Começo com lembranças. Da infância, do instante em que aprendi a ler e escrever, no mesmo momento em que passava horas brincando sob a parreira de chuchu do quintal. Sua sombra era abrigo para minhas invenções. Fazia pastéis com folhas grandes, recheados de terra molhada. Foi nesse universo de raízes e misturas de legumes e criatividade que comecei a desenhar minhas primeiras histórias no papel. Tinha cinco anos.
Ler e escrever preenchiam meu tempo, alimentavam minha imaginação e despertavam algo em mim que, hoje, reconheço como parte essencial da minha vida. Essa história já contei muitas vezes, mas vale repetir. Porque hoje falo diretamente com minha memória infantil. E também com a sua.
Na escola, aos 10 anos, recebi um prêmio literário por uma história sobre árvores. Talvez tenha sido o acaso, talvez já fosse um caminho traçado. Porque eu morava em uma casa com um quintal cheio de árvores frutíferas. Tinha abacateiro, laranjeira, pitangueira, mamoeiro e outras. Minha experiência com o mundo vinha dali, de observar as árvores, de colher frutos, de sentir o cheiro da terra. Talvez, sem perceber, eu já estivesse narrando o que me fazia sentido, o que me conectava à vida.
Hoje, ao olhar para o passado, percebo como cada experiência traçou o caminho que me trouxe até aqui. De certa forma, continuo a mesma brincadeira. Agora, uma brincadeira séria, responsável.
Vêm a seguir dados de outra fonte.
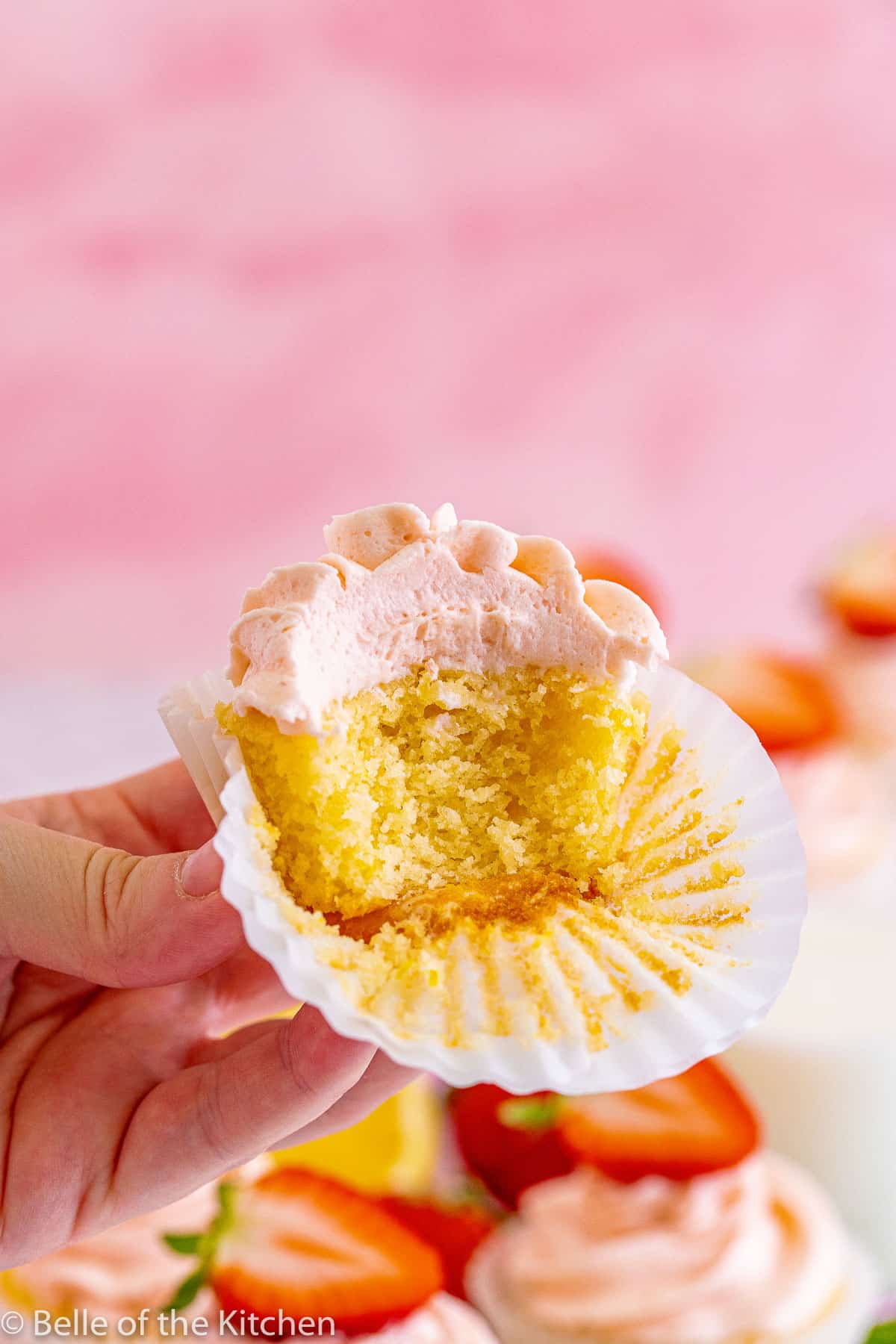 a lemon cupcake with a bite taken out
Contar histórias é um ofício que carrega em si a ética e o compromisso com a infância de cada um e o desenvolvimento humano.
Mais do que uma atividade lúdica ou uma tradição cultural, contar histórias é uma necessidade humana. Há 20 anos digo e defendo esse ponto de vista embasado na teoria e, principalmente, na prática. As histórias despertam a imaginação, provocam emoções, criam laços. A palavra tem poder. Ela pode nos elevar ao topo de uma montanha, quase tocando as nuvens. Mas também pode nos lançar em uma queda livre e dolorosa. A palavra fortalece, acolhe, embala, nos faz vibrar e estremecer.
Por isso, celebrar a palavra é celebrar aqueles que a preservam: os contadores de histórias. São eles que estendem a mão para que o outro — aquele que escuta, que sente — se veja como protagonista de sua própria trajetória. A história pertence a quem a conta, mas também a quem a escuta. E é preciso valorizar esse encontro, que é carregado de subjetividade.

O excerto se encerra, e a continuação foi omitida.